The article is, of course, superb! Why “of course”? Because Dean Acheson always catches some deeper, yet simpler, point about whatever subject he discusses. It is particualrly interesting (to me, at least) to see how he does that.

As with sages and gurus in any field, the points that Dean chooses to make are simple, timely, refreshing and central to the topic on the table. Also, the simplicity of the message seems to allow people with a variety of different levels of understanding to get something from it, … and then later to see more in it.

Do you notice the “pregnant pause”? I love the way that the best teachers seem to have a habit of pausing just before delivering an important item. It is for emphasis, and it is to let the noise die down; but it is also, one feels, to check that this is the moment to deliver the point: an “are you sitting comfortably …?” and an “are you quite ready …?” kind of thing.

Sometimes the space is an actual pause in time; on other occasions, it is a mental space deliberately created. For example, when we hear “it is not about XYZ” our brains think “OK, so what is it about?!”; there is a space there like an empty box on a form; we are alert, waiting for it to be filled in.

There are many interesting points in “The Mental Side of GTD”, one of the central ones (I think) is: “The point of GTD is NOT to get everything done, but to get actions under control”. And look at how he delivers it: there seem to be two levels of pause.

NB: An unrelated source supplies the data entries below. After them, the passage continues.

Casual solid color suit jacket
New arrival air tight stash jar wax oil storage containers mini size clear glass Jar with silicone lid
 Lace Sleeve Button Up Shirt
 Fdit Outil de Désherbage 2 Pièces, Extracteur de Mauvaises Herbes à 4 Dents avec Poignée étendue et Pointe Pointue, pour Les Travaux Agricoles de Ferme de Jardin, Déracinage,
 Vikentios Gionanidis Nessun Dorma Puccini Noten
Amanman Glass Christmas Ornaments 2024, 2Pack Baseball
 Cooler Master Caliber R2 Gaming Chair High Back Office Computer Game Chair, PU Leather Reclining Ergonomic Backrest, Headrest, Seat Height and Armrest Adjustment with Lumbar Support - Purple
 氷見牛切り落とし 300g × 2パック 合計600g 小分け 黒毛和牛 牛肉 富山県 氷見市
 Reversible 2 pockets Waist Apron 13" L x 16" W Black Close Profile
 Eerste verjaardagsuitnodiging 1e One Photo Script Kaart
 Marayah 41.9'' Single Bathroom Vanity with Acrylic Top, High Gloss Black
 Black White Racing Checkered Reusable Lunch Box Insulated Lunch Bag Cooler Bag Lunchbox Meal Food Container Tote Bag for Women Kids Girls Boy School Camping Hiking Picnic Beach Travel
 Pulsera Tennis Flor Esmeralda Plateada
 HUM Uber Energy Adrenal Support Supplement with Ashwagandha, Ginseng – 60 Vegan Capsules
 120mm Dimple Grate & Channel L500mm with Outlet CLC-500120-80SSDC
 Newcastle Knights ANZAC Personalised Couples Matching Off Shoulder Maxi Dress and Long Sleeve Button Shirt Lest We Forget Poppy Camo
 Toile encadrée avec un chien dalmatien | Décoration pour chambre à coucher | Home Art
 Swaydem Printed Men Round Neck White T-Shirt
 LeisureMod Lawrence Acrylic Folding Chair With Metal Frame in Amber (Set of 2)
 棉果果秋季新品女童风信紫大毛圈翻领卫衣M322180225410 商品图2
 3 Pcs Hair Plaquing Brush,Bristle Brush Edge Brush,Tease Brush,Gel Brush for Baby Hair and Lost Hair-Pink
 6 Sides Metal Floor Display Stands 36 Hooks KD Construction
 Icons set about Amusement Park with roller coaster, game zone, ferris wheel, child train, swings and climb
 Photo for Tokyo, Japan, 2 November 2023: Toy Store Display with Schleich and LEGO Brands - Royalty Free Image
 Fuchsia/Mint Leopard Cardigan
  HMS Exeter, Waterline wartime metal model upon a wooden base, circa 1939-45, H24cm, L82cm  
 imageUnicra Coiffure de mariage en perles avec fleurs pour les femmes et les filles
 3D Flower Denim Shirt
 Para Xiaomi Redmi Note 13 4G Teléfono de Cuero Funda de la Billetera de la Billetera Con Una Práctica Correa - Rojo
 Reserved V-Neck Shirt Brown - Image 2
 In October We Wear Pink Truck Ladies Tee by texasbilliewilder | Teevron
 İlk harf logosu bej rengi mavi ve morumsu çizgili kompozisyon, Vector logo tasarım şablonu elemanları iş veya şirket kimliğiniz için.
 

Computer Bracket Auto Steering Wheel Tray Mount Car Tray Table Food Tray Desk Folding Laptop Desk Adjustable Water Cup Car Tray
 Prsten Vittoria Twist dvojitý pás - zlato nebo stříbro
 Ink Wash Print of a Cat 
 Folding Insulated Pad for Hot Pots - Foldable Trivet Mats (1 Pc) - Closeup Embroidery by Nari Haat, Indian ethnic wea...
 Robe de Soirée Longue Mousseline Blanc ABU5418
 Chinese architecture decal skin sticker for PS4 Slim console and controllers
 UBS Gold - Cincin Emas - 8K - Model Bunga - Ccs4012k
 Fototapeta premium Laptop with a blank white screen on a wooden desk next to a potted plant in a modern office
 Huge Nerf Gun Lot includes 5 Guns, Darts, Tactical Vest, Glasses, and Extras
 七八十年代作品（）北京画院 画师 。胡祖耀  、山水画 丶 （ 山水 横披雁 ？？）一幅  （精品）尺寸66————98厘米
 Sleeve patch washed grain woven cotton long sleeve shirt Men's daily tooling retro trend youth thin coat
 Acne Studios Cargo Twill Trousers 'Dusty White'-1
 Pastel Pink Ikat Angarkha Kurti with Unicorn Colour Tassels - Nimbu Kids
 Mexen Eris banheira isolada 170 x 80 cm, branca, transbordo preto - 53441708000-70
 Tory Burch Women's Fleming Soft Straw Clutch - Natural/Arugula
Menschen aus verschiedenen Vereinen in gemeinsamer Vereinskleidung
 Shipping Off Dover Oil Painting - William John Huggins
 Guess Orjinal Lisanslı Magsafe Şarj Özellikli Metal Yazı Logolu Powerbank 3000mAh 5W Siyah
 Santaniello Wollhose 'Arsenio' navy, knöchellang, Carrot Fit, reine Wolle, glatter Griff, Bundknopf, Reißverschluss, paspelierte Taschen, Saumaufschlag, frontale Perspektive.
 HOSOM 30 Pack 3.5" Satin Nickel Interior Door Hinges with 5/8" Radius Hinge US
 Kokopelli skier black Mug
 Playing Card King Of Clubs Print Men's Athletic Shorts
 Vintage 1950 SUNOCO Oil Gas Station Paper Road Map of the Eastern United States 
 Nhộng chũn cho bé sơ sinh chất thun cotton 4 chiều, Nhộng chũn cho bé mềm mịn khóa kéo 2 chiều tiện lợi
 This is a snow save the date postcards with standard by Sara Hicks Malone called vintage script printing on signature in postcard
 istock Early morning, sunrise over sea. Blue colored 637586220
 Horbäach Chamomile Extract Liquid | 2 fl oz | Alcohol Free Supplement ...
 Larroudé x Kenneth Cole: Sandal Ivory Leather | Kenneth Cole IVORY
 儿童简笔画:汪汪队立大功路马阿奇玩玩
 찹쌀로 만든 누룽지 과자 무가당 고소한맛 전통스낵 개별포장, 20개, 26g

On a larger scale, he has established the area of interest and made some great points along the way. Then he has distracted us with talking about the somewhat wacky idea of what “your desk” cares about; including that it does not care if “no one shows up … ever …!” Now we are “at rest”, as Dean would say. I am thinking: “well, OK: so the desk does not care, no one is showing up, nothing is happening … ” (as David might say: “I’m sorry, what were we talking about?”!)

We are ready for it, so he delivers the point; and it comes in three quick phases.

Firstly, he alerts us “The point of GTD is …”. I am thinking, “oh, of course, it was GTD that we are talking about!” and, “yes, I do want to hear what the point of GTD is, especially from Dean Acheson”.

But, secondly, we have to wait, because he creates the other, smaller scale, space, and he does it beautifully: “… is NOT to get everything done, but …”. This is not a new idea, earlier he had raised it is a significant myth about GTD; so we have already thought about this, but we are (or, I, at least, am) still thinking “well it would be great if it could be”; and, “yes, I suppose I have thought that from time to time”; but “that would, of course, be ridiculous!”. We are left with the space for the answer to: “OK, so what IS the point of GTD”; also the “but” implies it is something different and, perhaps, opposite; I am now really ready to hear what belongs in it.

So, thirdly, he delivers it: ” … to get actions under control”. Aha! He has mentioned actions earlier, but this is new! And, now, the key point has been made; so he elaborates on it, and we are off into various aspects and implications and so on and so forth. It is really well done! … and, as with much of learning, the sequence has been so important.

So Dean Acheson has done it again. His wonderful ability to talk about important and broad topics in a friendly, compassionate and personal way is a great gift, from which we can all learn in two ways: one about the topics themselves; the other about how to communicate them. Another source of his insight is his GTD InConversation interview which stands out for me, despite all the other good ones, as the one that I’d take to a desert island. In that interview, after much discussion, context and analogies, he leaves us with “you’ve got to get to the trailhead”!

Thank you very much, Dean; please keep them coming!

P.S. This article also hit a nerve with me as it reminds me of the comment about the game of golf being “90% mental and 10% … mental”!